> _PROBLEM DETAILS_
Your task is to transcribe the records exactly, skipping every image.

[Web page caption snippets]
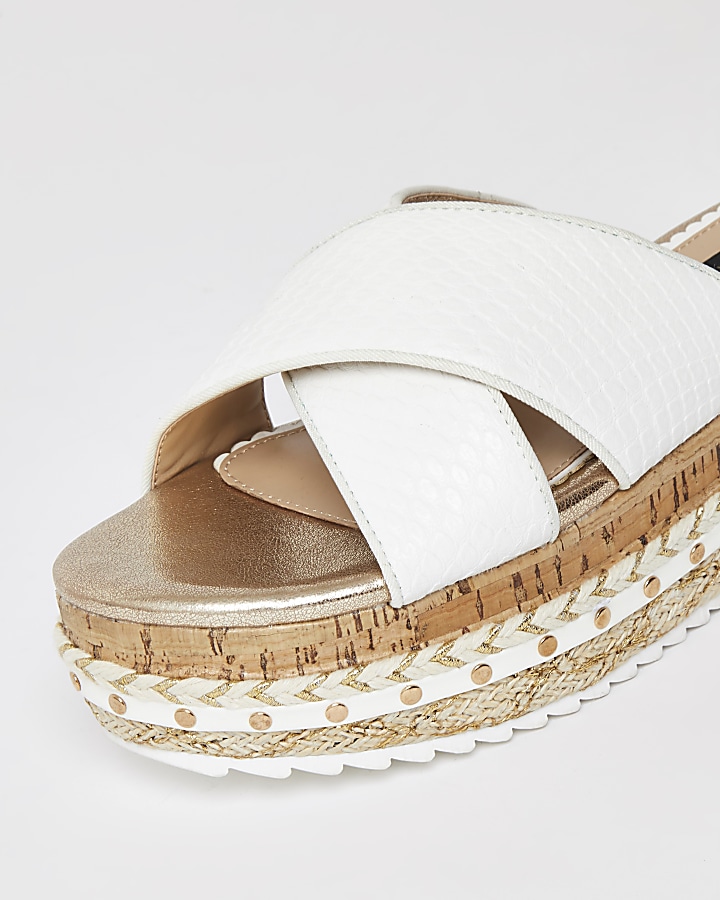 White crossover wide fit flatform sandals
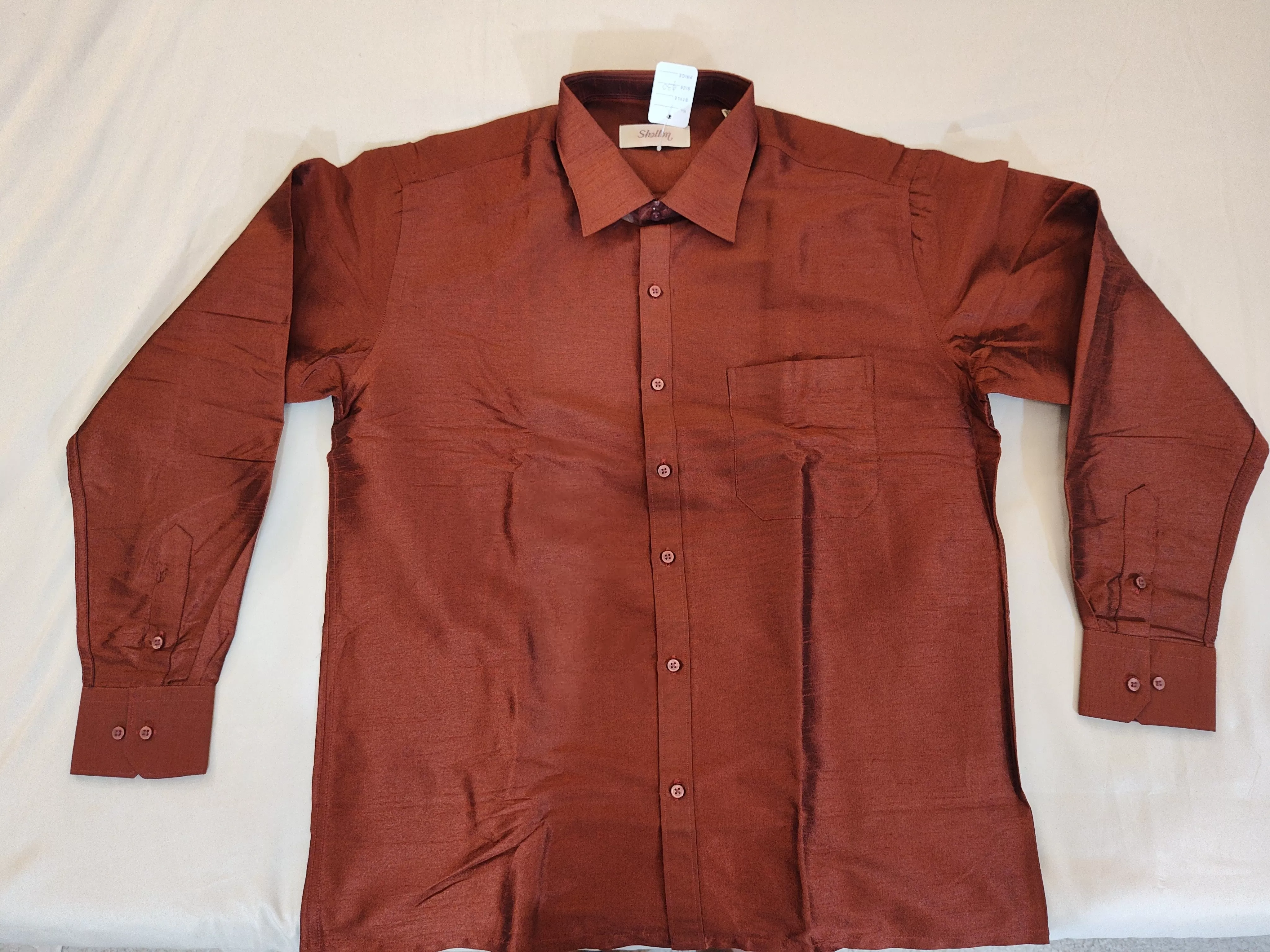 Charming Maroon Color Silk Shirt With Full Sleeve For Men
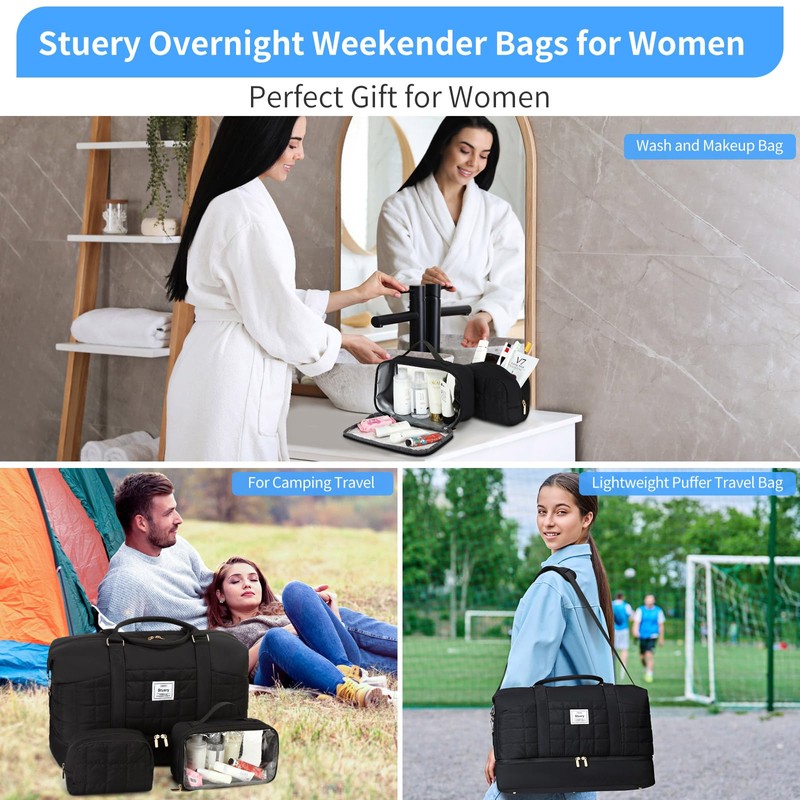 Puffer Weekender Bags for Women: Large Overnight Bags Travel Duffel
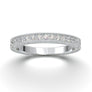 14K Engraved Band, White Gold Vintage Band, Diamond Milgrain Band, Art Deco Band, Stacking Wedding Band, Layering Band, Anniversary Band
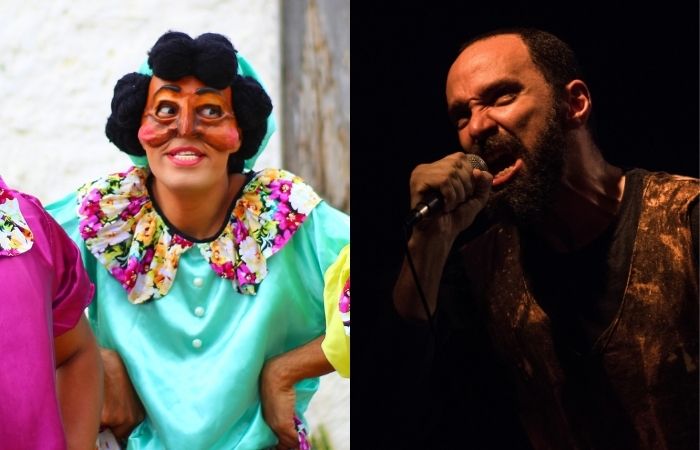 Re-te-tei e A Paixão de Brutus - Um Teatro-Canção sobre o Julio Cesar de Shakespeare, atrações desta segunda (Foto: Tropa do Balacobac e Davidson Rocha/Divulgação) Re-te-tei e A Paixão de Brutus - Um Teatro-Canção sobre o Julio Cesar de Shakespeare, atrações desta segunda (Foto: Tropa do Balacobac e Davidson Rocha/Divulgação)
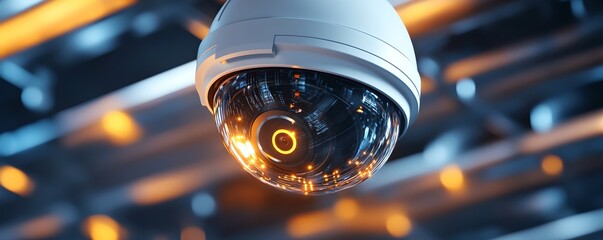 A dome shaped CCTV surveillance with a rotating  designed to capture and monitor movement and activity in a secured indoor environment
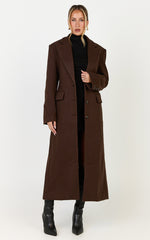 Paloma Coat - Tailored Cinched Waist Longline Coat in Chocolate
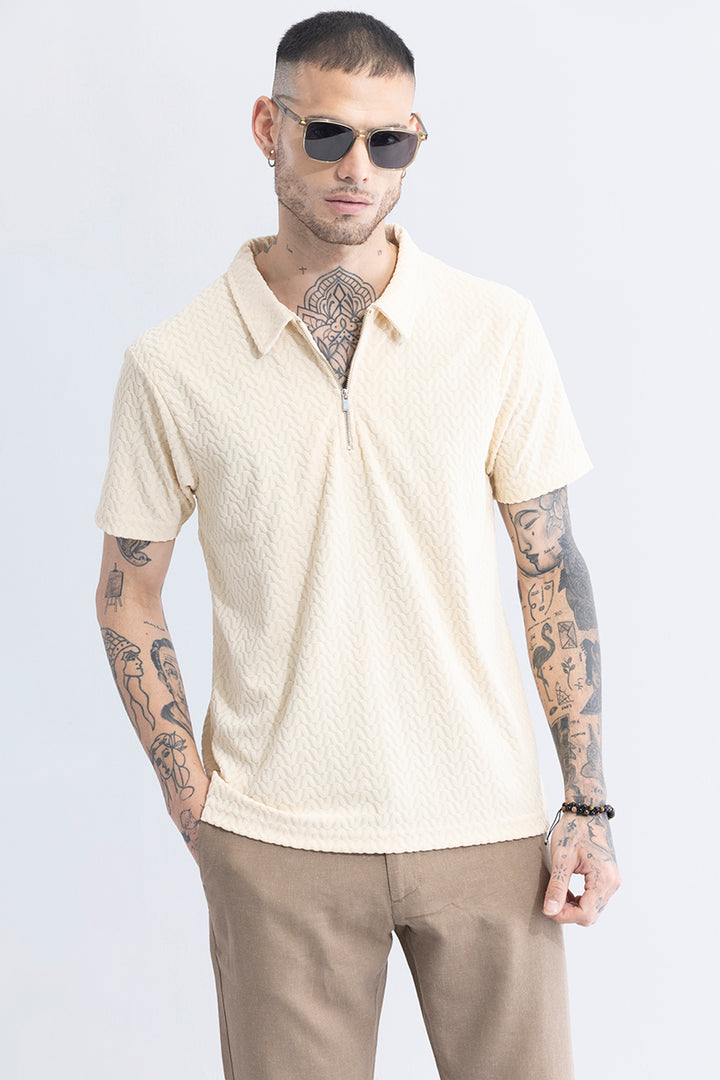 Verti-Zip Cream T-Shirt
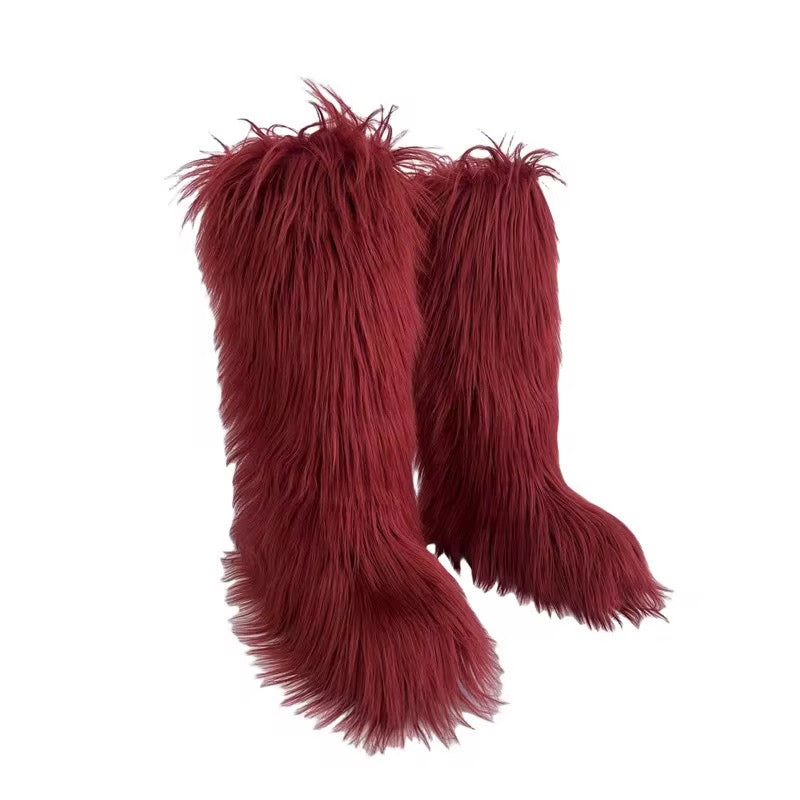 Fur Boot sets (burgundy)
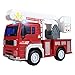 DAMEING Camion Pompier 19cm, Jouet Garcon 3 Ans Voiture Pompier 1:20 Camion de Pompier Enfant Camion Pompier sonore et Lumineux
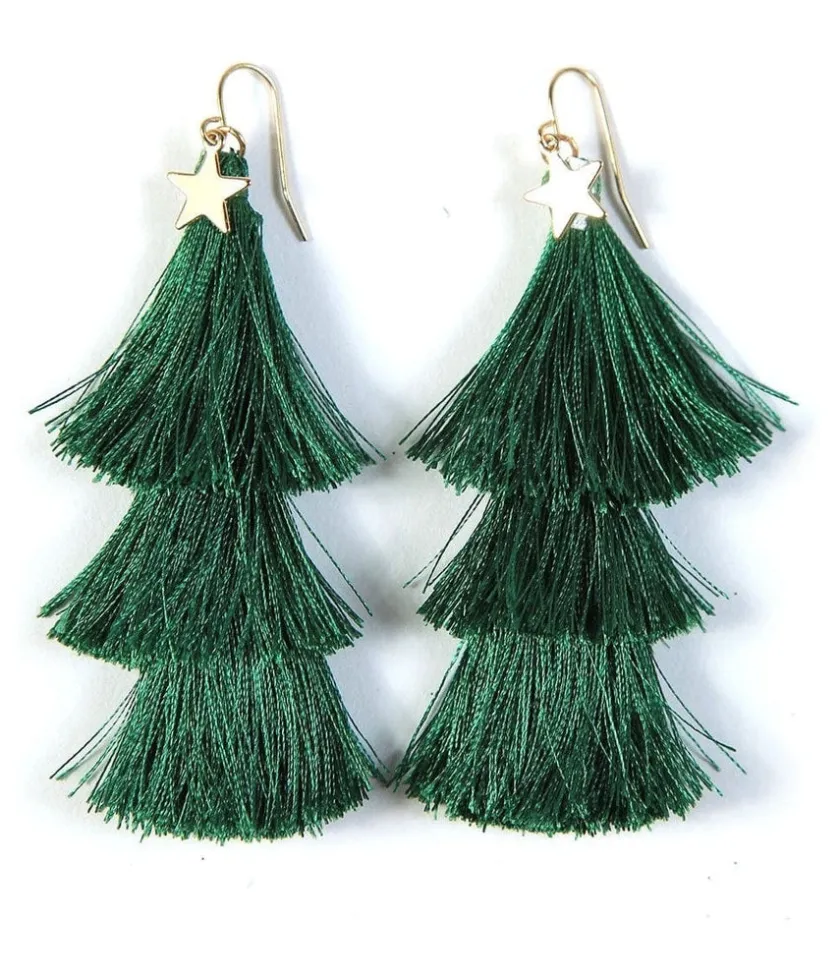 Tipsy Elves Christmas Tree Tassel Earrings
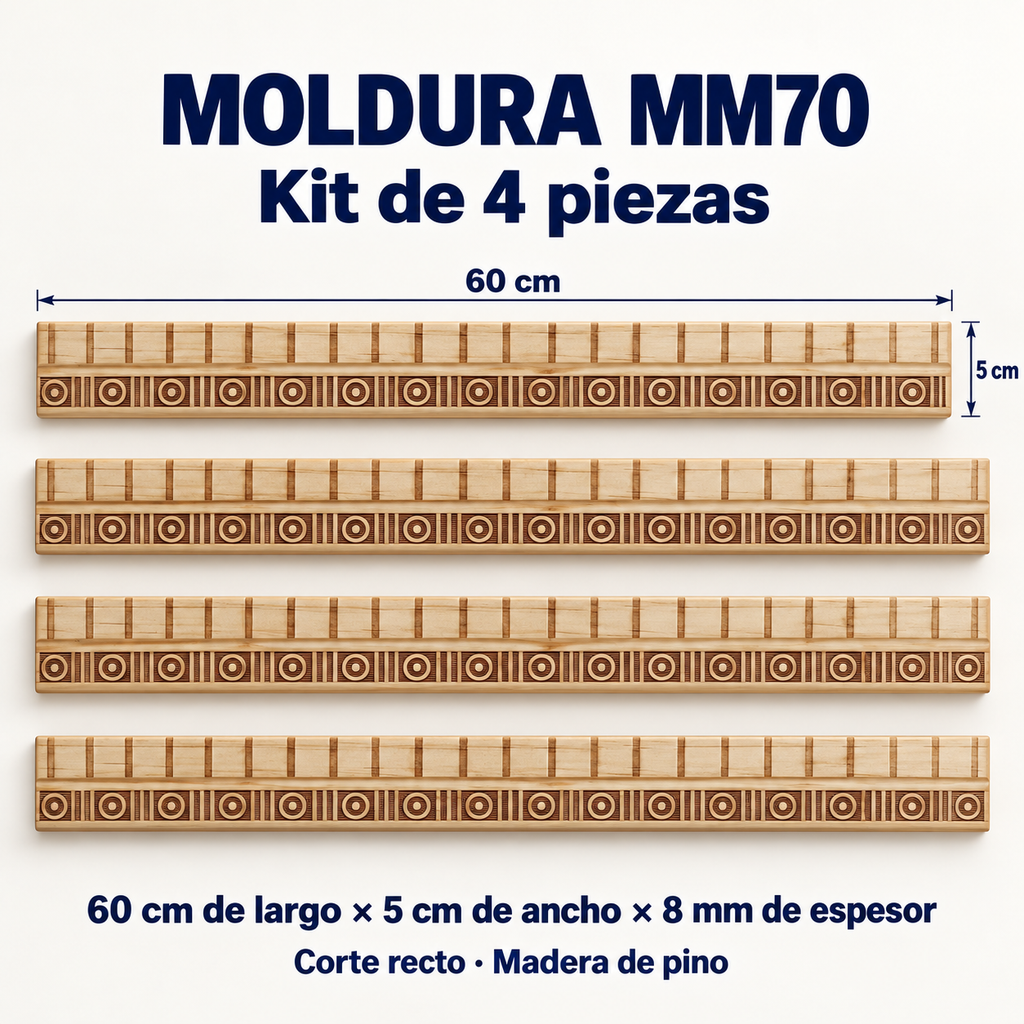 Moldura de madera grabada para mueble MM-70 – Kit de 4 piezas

> _YOUR RESPONSE_
 White crossover wide fit flatform sandals
 Charming Maroon Color Silk Shirt With Full Sleeve For Men
 Puffer Weekender Bags for Women: Large Overnight Bags Travel Duffel
 14K Engraved Band, White Gold Vintage Band, Diamond Milgrain Band, Art Deco Band, Stacking Wedding Band, Layering Band, Anniversary Band
 Re-te-tei e A Paixão de Brutus - Um Teatro-Canção sobre o Julio Cesar de Shakespeare, atrações desta segunda (Foto: Tropa do Balacobac e Davidson Rocha/Divulgação) Re-te-tei e A Paixão de Brutus - Um Teatro-Canção sobre o Julio Cesar de Shakespeare, atrações desta segunda (Foto: Tropa do Balacobac e Davidson Rocha/Divulgação)
 A dome shaped CCTV surveillance with a rotating  designed to capture and monitor movement and activity in a secured indoor environment
 Paloma Coat - Tailored Cinched Waist Longline Coat in Chocolate
 Verti-Zip Cream T-Shirt
 Fur Boot sets (burgundy)
 DAMEING Camion Pompier 19cm, Jouet Garcon 3 Ans Voiture Pompier 1:20 Camion de Pompier Enfant Camion Pompier sonore et Lumineux
 Tipsy Elves Christmas Tree Tassel Earrings
 Moldura de madera grabada para mueble MM-70 – Kit de 4 piezas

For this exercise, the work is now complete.